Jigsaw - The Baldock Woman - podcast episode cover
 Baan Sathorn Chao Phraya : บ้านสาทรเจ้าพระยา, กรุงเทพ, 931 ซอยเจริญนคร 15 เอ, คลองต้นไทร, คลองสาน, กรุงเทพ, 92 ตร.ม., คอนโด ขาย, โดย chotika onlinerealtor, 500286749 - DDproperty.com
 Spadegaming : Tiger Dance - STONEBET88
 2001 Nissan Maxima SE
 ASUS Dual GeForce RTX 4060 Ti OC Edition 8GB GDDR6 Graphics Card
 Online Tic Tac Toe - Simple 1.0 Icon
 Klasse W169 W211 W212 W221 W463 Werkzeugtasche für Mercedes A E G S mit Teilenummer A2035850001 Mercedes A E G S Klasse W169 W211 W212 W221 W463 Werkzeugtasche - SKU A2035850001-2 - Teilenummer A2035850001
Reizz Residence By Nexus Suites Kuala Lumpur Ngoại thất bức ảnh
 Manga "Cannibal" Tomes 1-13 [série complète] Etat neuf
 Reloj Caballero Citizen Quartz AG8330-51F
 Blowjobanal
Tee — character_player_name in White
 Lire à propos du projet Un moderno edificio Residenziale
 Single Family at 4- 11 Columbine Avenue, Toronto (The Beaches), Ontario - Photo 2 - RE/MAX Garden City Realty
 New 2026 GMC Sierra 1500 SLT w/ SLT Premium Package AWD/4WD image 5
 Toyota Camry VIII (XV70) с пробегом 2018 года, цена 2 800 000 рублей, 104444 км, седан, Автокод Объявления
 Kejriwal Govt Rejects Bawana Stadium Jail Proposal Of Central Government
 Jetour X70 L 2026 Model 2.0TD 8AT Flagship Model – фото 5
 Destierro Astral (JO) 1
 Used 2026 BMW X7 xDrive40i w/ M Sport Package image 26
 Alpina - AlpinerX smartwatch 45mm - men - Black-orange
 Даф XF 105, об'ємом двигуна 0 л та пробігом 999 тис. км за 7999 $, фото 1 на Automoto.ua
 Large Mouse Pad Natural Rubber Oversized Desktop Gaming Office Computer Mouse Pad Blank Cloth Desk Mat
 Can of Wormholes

——

_Task to complete_: Return every line of the material word for word.

_Written solution_:
Jigsaw - The Baldock Woman - podcast episode cover
 Baan Sathorn Chao Phraya : บ้านสาทรเจ้าพระยา, กรุงเทพ, 931 ซอยเจริญนคร 15 เอ, คลองต้นไทร, คลองสาน, กรุงเทพ, 92 ตร.ม., คอนโด ขาย, โดย chotika onlinerealtor, 500286749 - DDproperty.com
 Spadegaming : Tiger Dance - STONEBET88
 2001 Nissan Maxima SE
 ASUS Dual GeForce RTX 4060 Ti OC Edition 8GB GDDR6 Graphics Card
 Online Tic Tac Toe - Simple 1.0 Icon
 Klasse W169 W211 W212 W221 W463 Werkzeugtasche für Mercedes A E G S mit Teilenummer A2035850001 Mercedes A E G S Klasse W169 W211 W212 W221 W463 Werkzeugtasche - SKU A2035850001-2 - Teilenummer A2035850001
Reizz Residence By Nexus Suites Kuala Lumpur Ngoại thất bức ảnh
 Manga "Cannibal" Tomes 1-13 [série complète] Etat neuf
 Reloj Caballero Citizen Quartz AG8330-51F
 Blowjobanal
Tee — character_player_name in White
 Lire à propos du projet Un moderno edificio Residenziale
 Single Family at 4- 11 Columbine Avenue, Toronto (The Beaches), Ontario - Photo 2 - RE/MAX Garden City Realty
 New 2026 GMC Sierra 1500 SLT w/ SLT Premium Package AWD/4WD image 5
 Toyota Camry VIII (XV70) с пробегом 2018 года, цена 2 800 000 рублей, 104444 км, седан, Автокод Объявления
 Kejriwal Govt Rejects Bawana Stadium Jail Proposal Of Central Government
 Jetour X70 L 2026 Model 2.0TD 8AT Flagship Model – фото 5
 Destierro Astral (JO) 1
 Used 2026 BMW X7 xDrive40i w/ M Sport Package image 26
 Alpina - AlpinerX smartwatch 45mm - men - Black-orange
 Даф XF 105, об'ємом двигуна 0 л та пробігом 999 тис. км за 7999 $, фото 1 на Automoto.ua
 Large Mouse Pad Natural Rubber Oversized Desktop Gaming Office Computer Mouse Pad Blank Cloth Desk Mat
 Can of Wormholes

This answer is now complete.